Summoning a ride is about to get even easier, with Google Maps extending its ridesharing integration to cover options other than Uber. The new version of the app will be rolling out to Android users over the next few days, though those with an iPhone will have to wait a little longer before they see it.

When updated, though, there’ll be support for a broader range of cab and ridesharing options, gathered together in a new Services tab that joins the existing Car, Public Transit, and Pedestrian tabs. Currently, Google includes an Uber link at the bottom of its transit options.

It won’t be a free-for-all of options, however, with Google working directly with certain cab companies on integration. Initially, in fact, the list is fairly small, with Google including 99Taxis in Brazil, Ola Cabs in India, Hailo in the UK and Spain, mytaxi in Germany and Spain, and Gett in the UK.

That means no way to, say, add your Lyft account, and indeed there are no new providers in the US to choose between.

You’re stuck, instead, with Uber, though Google says the integration there has also been improved.
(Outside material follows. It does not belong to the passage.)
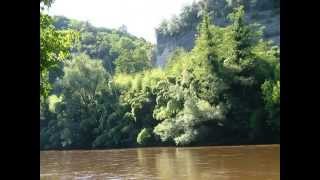 preview picture of video 'Walking Dordogne. A trip along the Vezere River'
While you still get an estimate of waiting times and fare, there are now shortcuts to individual ride services that Uber offers.

So, there’ll now be options to jump straight to booking an uberX, uberXL, or UberBLACK in the company’s app. Previously, only uberX was listed.
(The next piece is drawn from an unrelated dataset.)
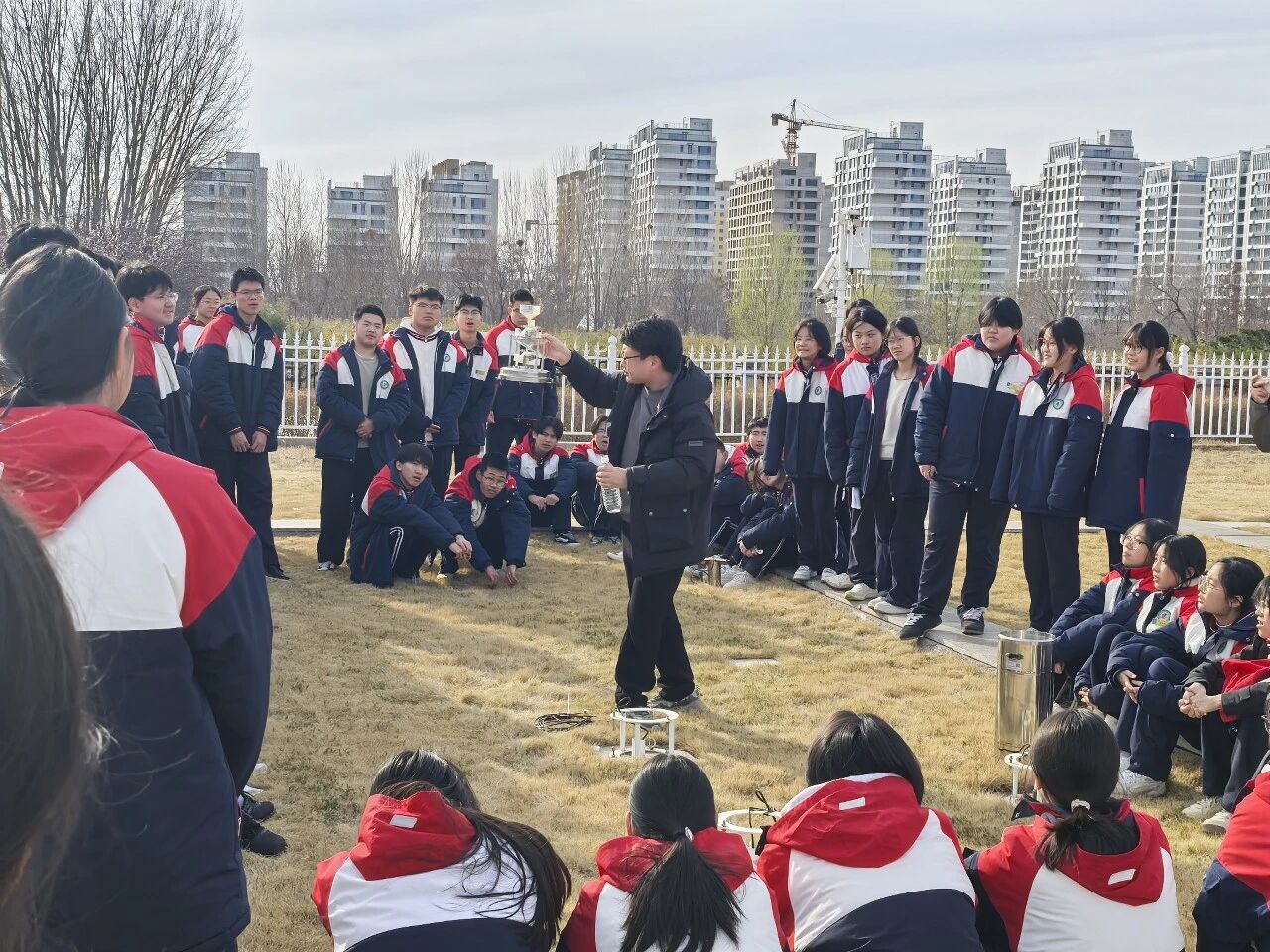 探秘风云变幻 筑牢家园意识——昌乐一中开展世界气象日主题研学活动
It’s unclear when – or, indeed, if – Google will be adding other US services, with Uber becoming increasingly present among non-traditional ways to summon a car. Earlier this year, for instance, Amazon’s Echo smart speaker gained support for ordering an Uber by voice, as well as checking how far away the requested car is from home.

Meanwhile, Google is reportedly working on a taxi service of its own. That would use autonomous vehicles, rather than human-piloted ones, and though the rumors indicate coverage would be limited to a smaller area initially – considering each car needs to have a far greater understanding of the roadways on which it operates than traditional mapping data allows – it could become a significant competitor to established cab and ridesharing options.